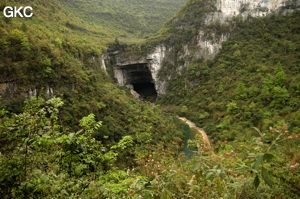 Le porche d'entrée de la grotte-perte de Wengdaxiadong 翁达下洞 (Xiantang 羡塘镇, Huishui 惠水, Guizhou 贵州省, Qiannan 黔南, Chine 中国).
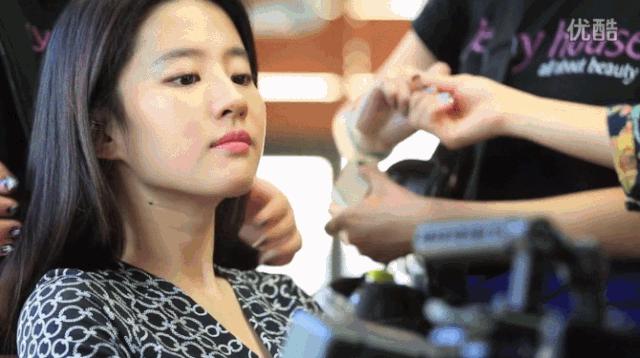 刘亦菲尚美头冠,刘亦菲黑色礼服戴皇冠迪奥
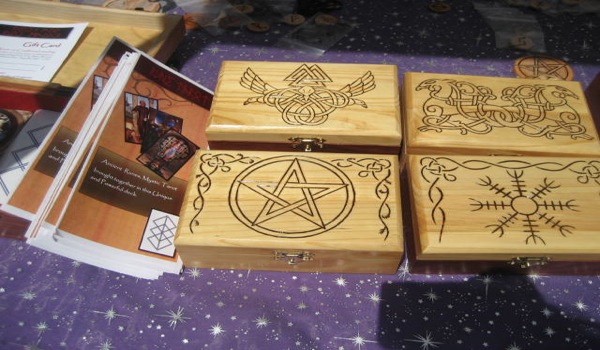 Making Magic: A Review of NYC’s Witchsfest 2013.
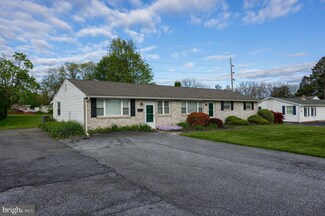 352 S Sporting Hill Rd, Mechanicsburg, PA 17050
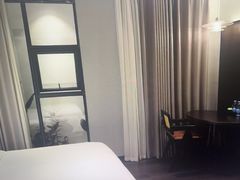 -铂尔登智慧酒店(南山西丽地铁站店)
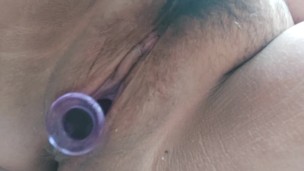 Plug play in pussy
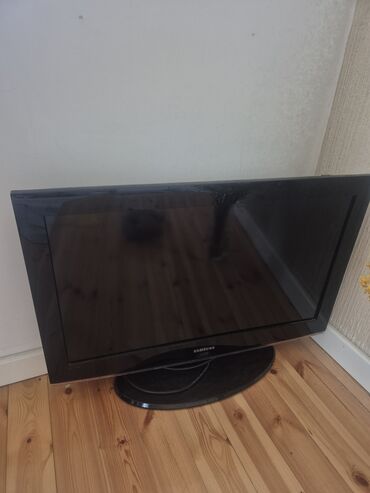 el üçün tv: İşlənmiş Televizor Samsung LCD 82" FHD (1920x1080), Ünvandan götürmə, Pulsuz çatdırılma, Ödənişli çatdırılma
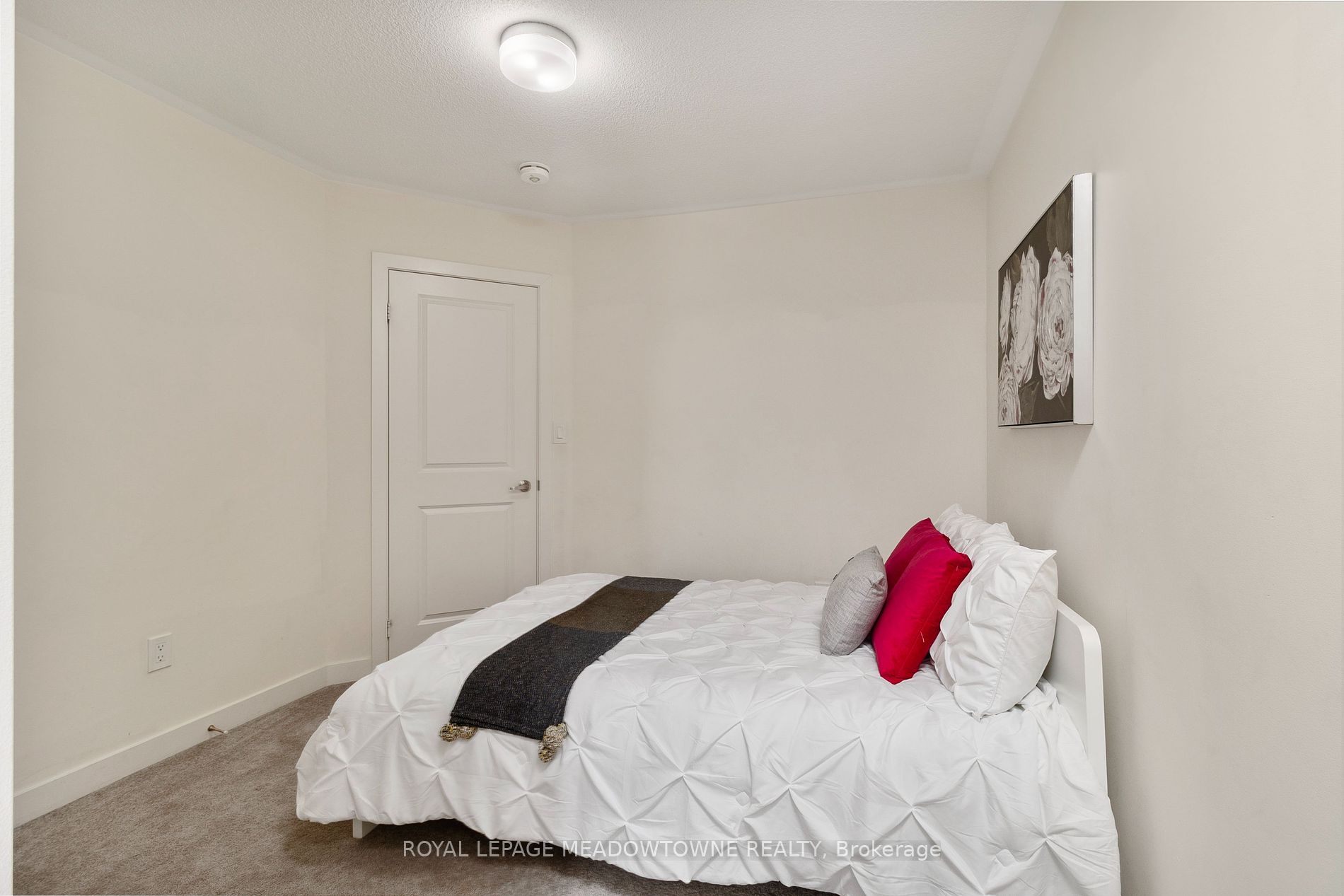 2662 Castlegate Crossing Property Photo 18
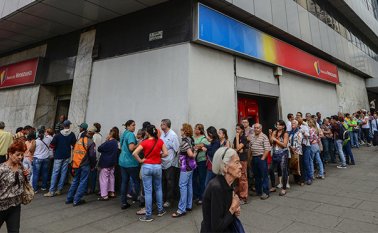 Desde agosto de este año, los dueños de las empresas venezolanas no tienen acceso a dólares para poder comprar insumos en el exterior. Archivo La Opinión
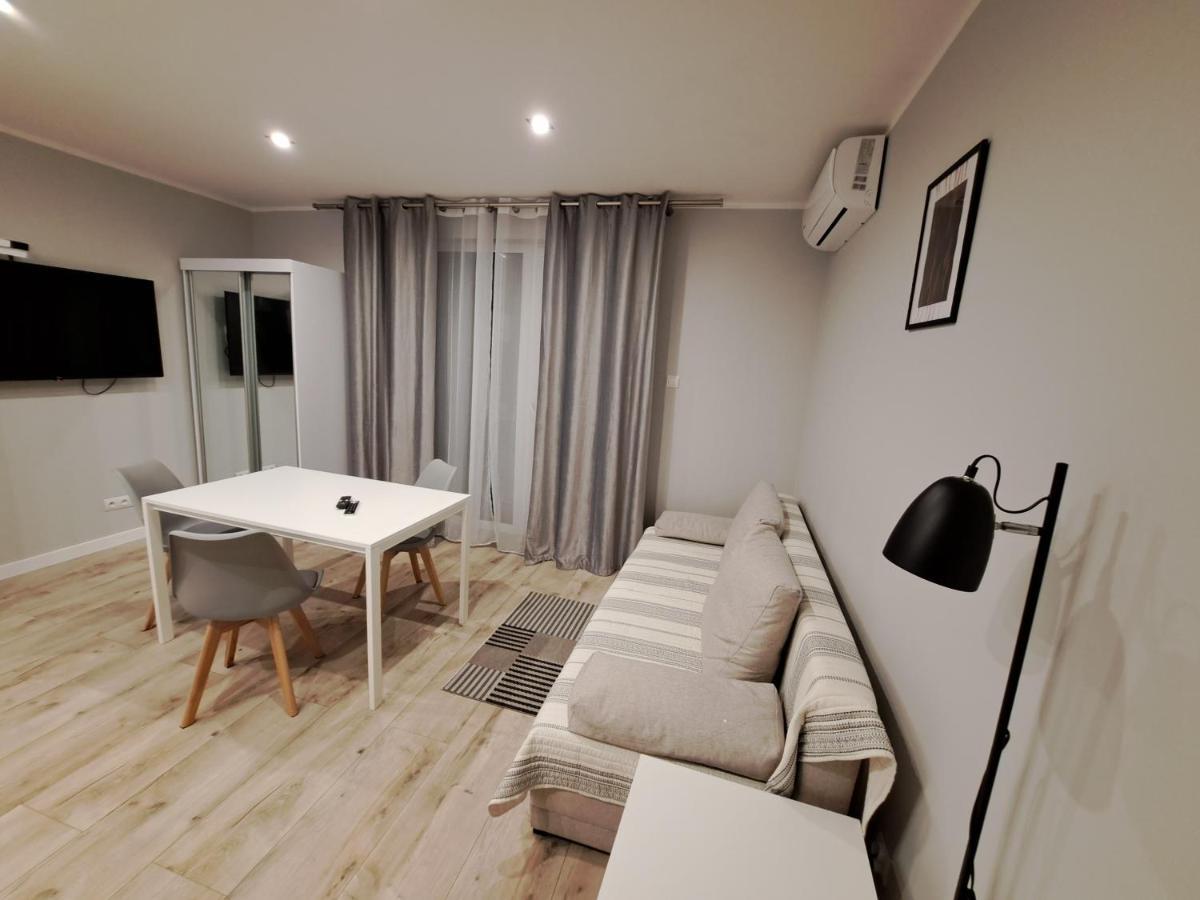 Hotel 1 بوتسك المظهر الخارجي الصورة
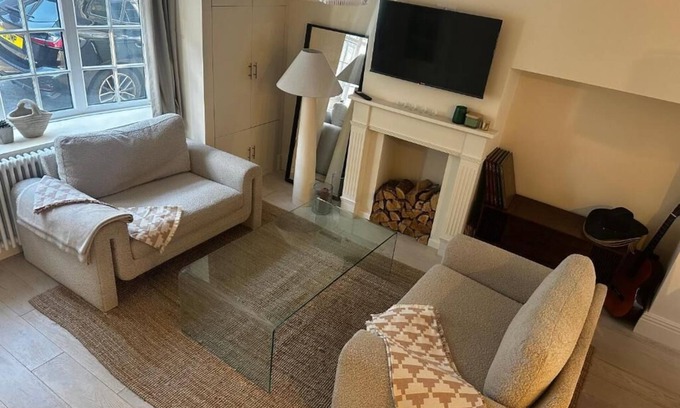 Brighton City Centre Cottage | Entire Cosy Seaside Cottage - Minutes from the beach, shops and restaurants!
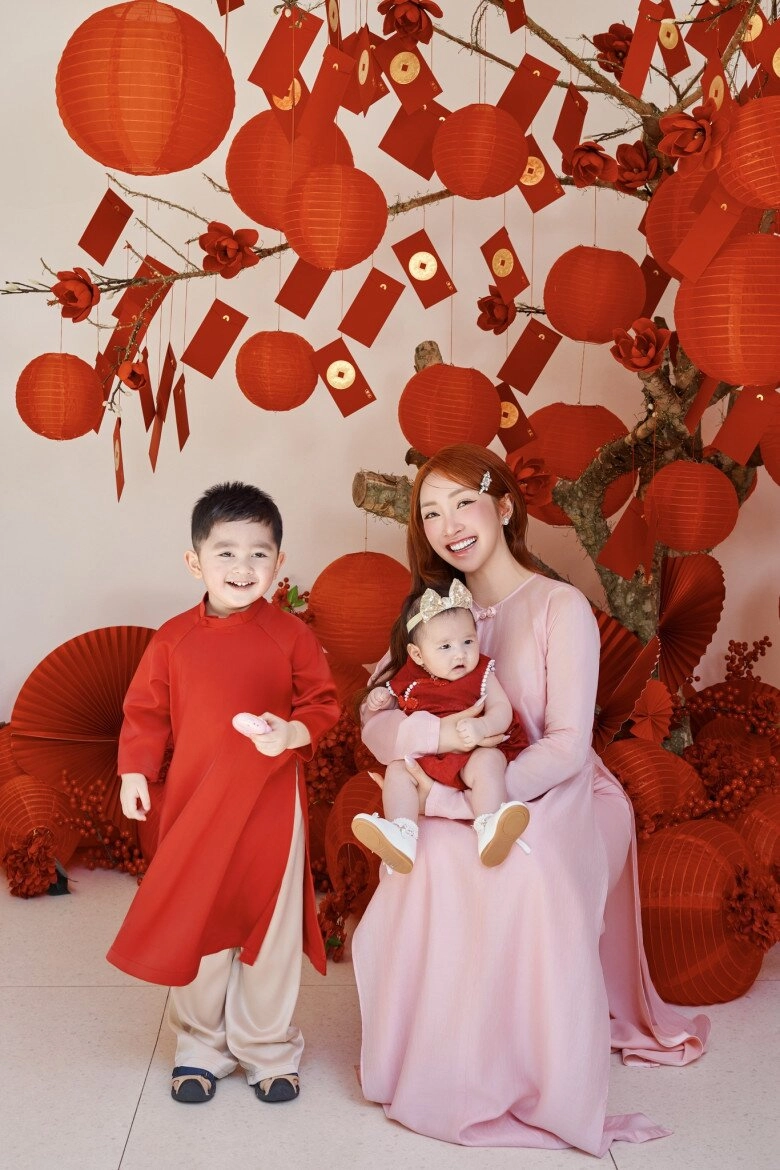 Vợ chồng chi bảo mua 5 cây mai 4 cây bưởi chơi tết lý thùy chang khoe chỉ cần chăm con vì ông xã làm hết - 10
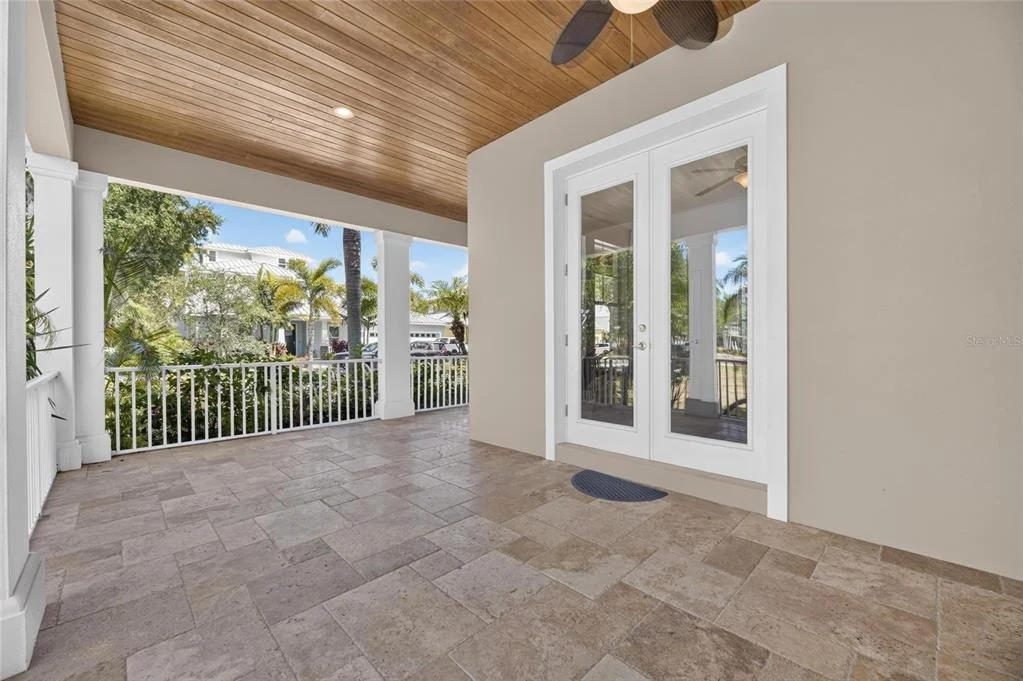 Photo of 824 ISLEBAY DRIVE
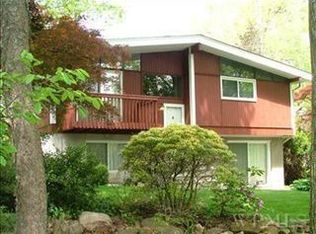 30 Woodland Rd, Pleasantville, NY 10570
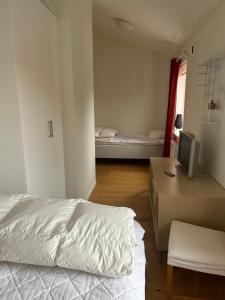 a bedroom with a bed and a desk with a computer at Joängets Fjällgård 18a in Sälen +9 photos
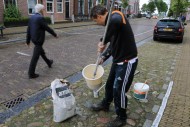 Klik hier om terug te keren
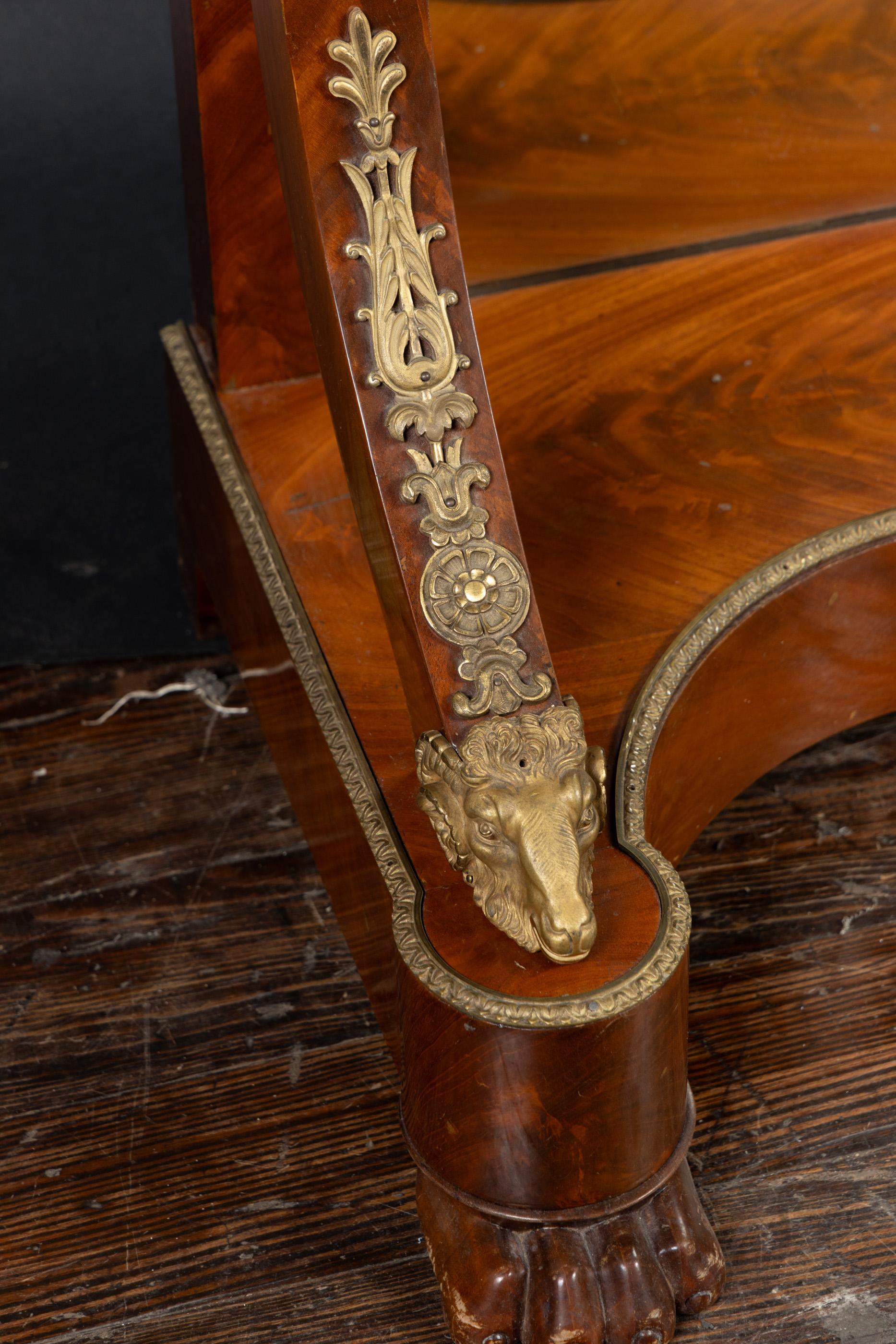French 19th Century Console with Bronze d’Ore Mounts and Marble Top For Sale 6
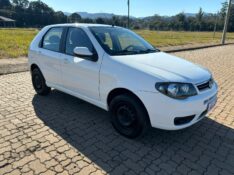 FIAT PALIO 1.0 FIRE 8V /2015 RT 811 VEÍCULOS ARROIO DO MEIO / Carros no Vale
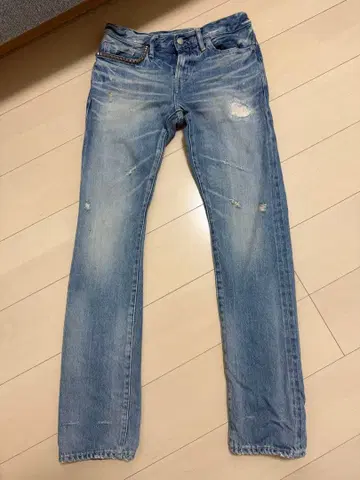 RW CLASH 가공 슬림 스트레이트 데님 팬츠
##########
(EXERCISE DESCRIPTION) Omitting all pictures, restate exactly the lines of the material from its start through the line that contains "30 Woodland Rd, Pleasantville, NY 10570".

(ANSWER SPACE)
 Le porche d'entrée de la grotte-perte de Wengdaxiadong 翁达下洞 (Xiantang 羡塘镇, Huishui 惠水, Guizhou 贵州省, Qiannan 黔南, Chine 中国).
 刘亦菲尚美头冠,刘亦菲黑色礼服戴皇冠迪奥
 Making Magic: A Review of NYC’s Witchsfest 2013.
 352 S Sporting Hill Rd, Mechanicsburg, PA 17050
 -铂尔登智慧酒店(南山西丽地铁站店)
 Plug play in pussy
 el üçün tv: İşlənmiş Televizor Samsung LCD 82" FHD (1920x1080), Ünvandan götürmə, Pulsuz çatdırılma, Ödənişli çatdırılma
 2662 Castlegate Crossing Property Photo 18
 Desde agosto de este año, los dueños de las empresas venezolanas no tienen acceso a dólares para poder comprar insumos en el exterior. Archivo La Opinión
 Hotel 1 بوتسك المظهر الخارجي الصورة
 Brighton City Centre Cottage | Entire Cosy Seaside Cottage - Minutes from the beach, shops and restaurants!
 Vợ chồng chi bảo mua 5 cây mai 4 cây bưởi chơi tết lý thùy chang khoe chỉ cần chăm con vì ông xã làm hết - 10
 Photo of 824 ISLEBAY DRIVE
 30 Woodland Rd, Pleasantville, NY 10570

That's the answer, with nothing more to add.